为了进一步验证Artemis通过影响cyclin B而实施对Cdk1磷酸化的调控,本课题分别应用cyclin B、phospho-S126-Cyclin B、Artemis和Gamma-tubulin抗体进行Immunostaining染色,结果显示:细胞经IR处理后18小时,在表达野生型Artemis和表达S516-645D的HEK293细胞系中,cyclin B的激活及核内转运均为正常,而在表达S516-645A的HEK293细胞系中phospho-S126-cyclin B则主要存在于中心体(centrosome);在表达野生型Artemis的HEK293细胞系中,只有极少数细胞的中心体中存在Artemis蛋白的表达(约为1%),而在表达S516-645A的HEK293细胞系中,在中心体中观察到Artemis蛋白表达的细胞数则明显增加(约为10%);此外,相比于表达野生型Artemis的细胞系,在表达S516-645A的细胞系中,Artemis蛋白和phospho-S126-cyclin B的细胞内共定位(colocalization)显著增加。
结论:
1.当细胞受到IR处理后,Artemis蛋白中的S516、S534、S538和S645四个位点发生磷酸化。
2.当细胞受到小剂量IR处理后,ATM是负责S516、S534、S538和S645四个位点磷酸化的主要激酶;当细胞受到大剂量IR处理后,DNA-PK也参与了这四个位点的磷酸化。
3.IR处理后,这四个位点的磷酸化动力学是不同的。S534和S538在短时间内快速磷酸化,又在短时间内被快速去磷酸化;S516和S645在短时间内发生磷酸化,并在长时间内维持较高的磷酸化水平。因此,S534和S538可能具有相同或相似的功能,而S516和S645可能具有相同或相似的功能。

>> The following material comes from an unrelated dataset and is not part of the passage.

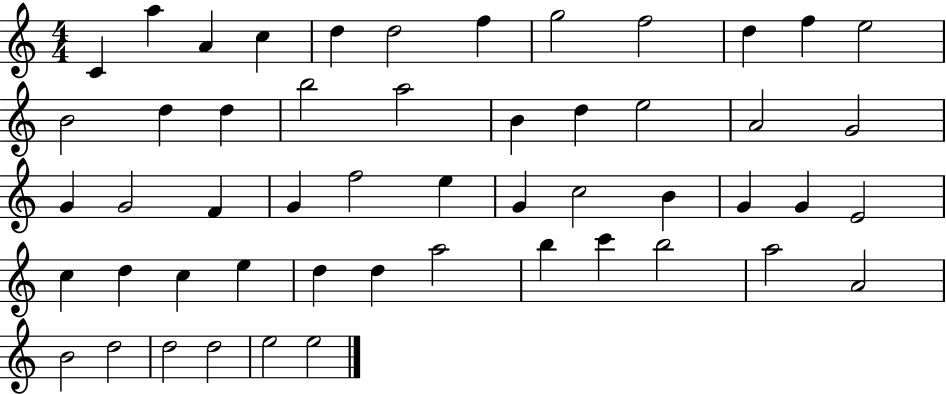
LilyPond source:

4.S516和S645的磷酸化参与了DNA损伤后的G2/M checkpoint recovery,使得细胞在G2/M checkpoint被关闭后恢复正常的细胞周期,促进细胞由G2期向M期转换。
5.DNA损伤后,Artemis是Cdk1磷酸化的调节蛋白。
6.Artemis通过影响cyclin B实施对Cdk1磷酸化的调控。
7.Artemis对Cdk1磷酸化状态的调节独立于Cdc25通路和Plk1通路。
Cell proliferation is governed by the cell cycle that is strictly regulated by cyclin-dependent kinases (Cdks). In mammalian cells, the cell cycle is divided into four discrete phases: G1, S, G2 and M. During the cell cycle DNA damage is a relatively common event occurred which induces several cellular responses including cell cycle checkpoint, DNA repair and apoptosis. In eukaryotic cells these responses are mediated to a large degree by a family of PIKKs that include ATM, ATR and DNA-PK. Numerous downstream targets of ATM and/or ATR have been identified including Artemis, p53, Brca1, Nbs1, Smc1, Chk1, Chk2, 53BP1, Mdc1 and Rad17. These proteins are involved in transducing or mediating checkpoint signals, and may in some cases also play a direct role in the repair of DNA damage.

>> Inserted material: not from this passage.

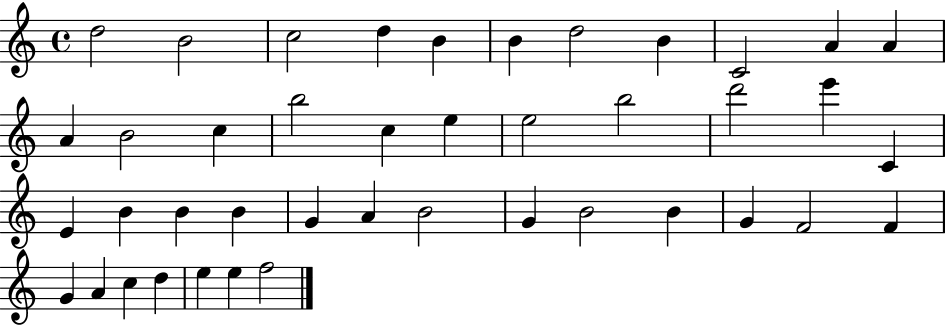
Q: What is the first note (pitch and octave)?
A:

Artemis is a member of the SNM1/PSO2 gene family. Members of this family,
which in humans also include SNM1, SNM1B, ELAC2, and CPSF73, share a region of homology termed the SNM1 domain, which contains a metallo-β -lactamase fold that it possesses nucleolytic activity and an appended β -CASP domain that is a predicted nucleic acid binding motif, but are otherwise distinct between the yeast and human. In addition to the SNM1 domain, there is a SCD (S/TQ cluster domain) domain located at the carboxyl-terminal half of Artemis protein and has been shown those (S/T)Q motifs in this domain are preferred sites of phosphorylation by ATM, ATR, and DNA-PK.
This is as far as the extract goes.